Pesquisadores identificaram a presença de carbono proveniente da Revolução Industrial em profundidades significativas do Oceano Atlântico, revelando o impacto das emissões de combustíveis fósseis em águas distantes da superfície. O estudo, conduzido por Emma Bavoux e sua equipe, analisou amostras de água coletadas entre 2017 e 2018, demonstrando como a atividade industrial está alterando a química dos oceanos.
Impacto das emissões de carbono no oceano
As emissões de carbono resultantes da queima de carvão, petróleo e gás natural têm um efeito profundo no equilíbrio químico dos oceanos. Quando esses combustíveis são queimados, o carbono liberado altera a proporção entre os isótopos C-12 e C-13, um fenômeno conhecido como efeito Suess. Esse efeito permite que os cientistas identifiquem a origem do carbono, diferenciando o carbono dos combustíveis fósseis do carbono que já circula naturalmente no planeta.
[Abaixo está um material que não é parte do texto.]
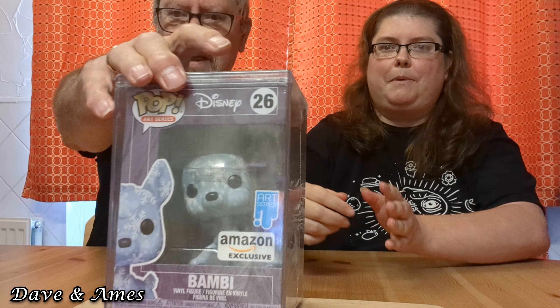The first one I'm going to show you is Bambi. Each of these in the art series come with a hard plastic container called a hard stack. So you'd have learned something with all the years of me opening Funko Pops.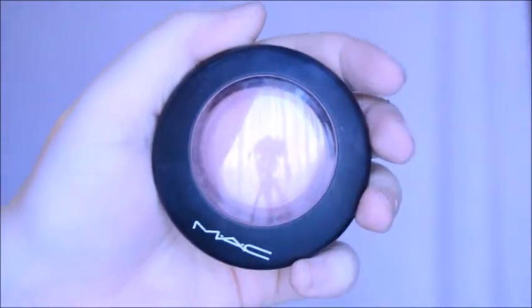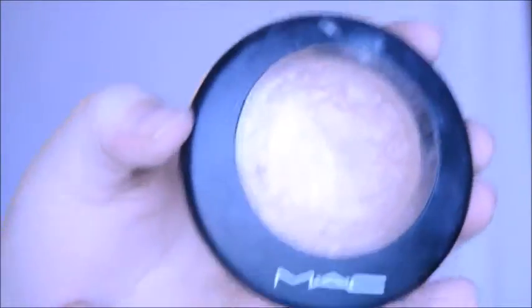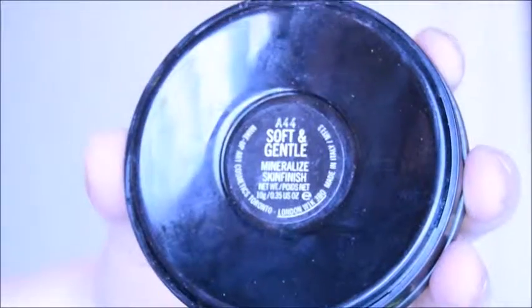I'm going to apply MAC's blush in Gentle to the apples of my cheeks, and highlight with my favorite highlighter, which is MAC's Soft and Gentle.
Estudo revela a profundidade da assinatura industrial
A pesquisa revelou que a assinatura industrial do carbono se estende a profundidades consideráveis no Atlântico Norte. A equipe de Bavoux analisou amostras de água coletadas a bordo do navio de pesquisa MARIA S. MERIAN, cobrindo uma rota próxima a 48° Norte. Os resultados mostraram que a assinatura do carbono industrial estava presente em quase todas as massas de água examinadas, embora sua intensidade variava conforme a recente exposição ao ar.

Análise de isótopos de carbono em águas do Atlântico
Os cientistas utilizaram a análise de isótopos de carbono para determinar a extensão da assinatura industrial nas águas do Atlântico. A pesquisa também incorporou medições anteriores de hexafluoreto de enxofre (SF₆), um gás traço produzido por atividades humanas. Essa análise ajudou a estimar quando a água foi exposta pela última vez à atmosfera, permitindo calcular a contribuição humana para a assinatura isotópica do carbono.
Preservação da assinatura humana em fósseis marinhos
Os achados indicam que as emissões industriais não apenas afetam a atmosfera e a superfície do oceano, mas também as massas de água remotas em profundidades. A mesma alteração química está sendo preservada nos fósseis de foraminíferos, organismos marinhos microscópicos cujos restos se acumulam no fundo do mar. Esses fósseis podem registrar mudanças na química do oceano, servindo como marcadores mensuráveis para geólogos futuros, conforme destacado no estudo publicado na Geophysical Research Letters DOI: 10.1029/2025GL121339.

A pesquisa evidencia a necessidade de monitorar as emissões de carbono e suas consequências a longo prazo para os oceanos e o clima global. O estudo foi realizado por cientistas do Cluster de Excelência “O Fundo do Oceano—Interface Inexplorada da Terra”, que continuam a investigar como os oceanos e seus ecossistemas influenciam o ciclo global do carbono.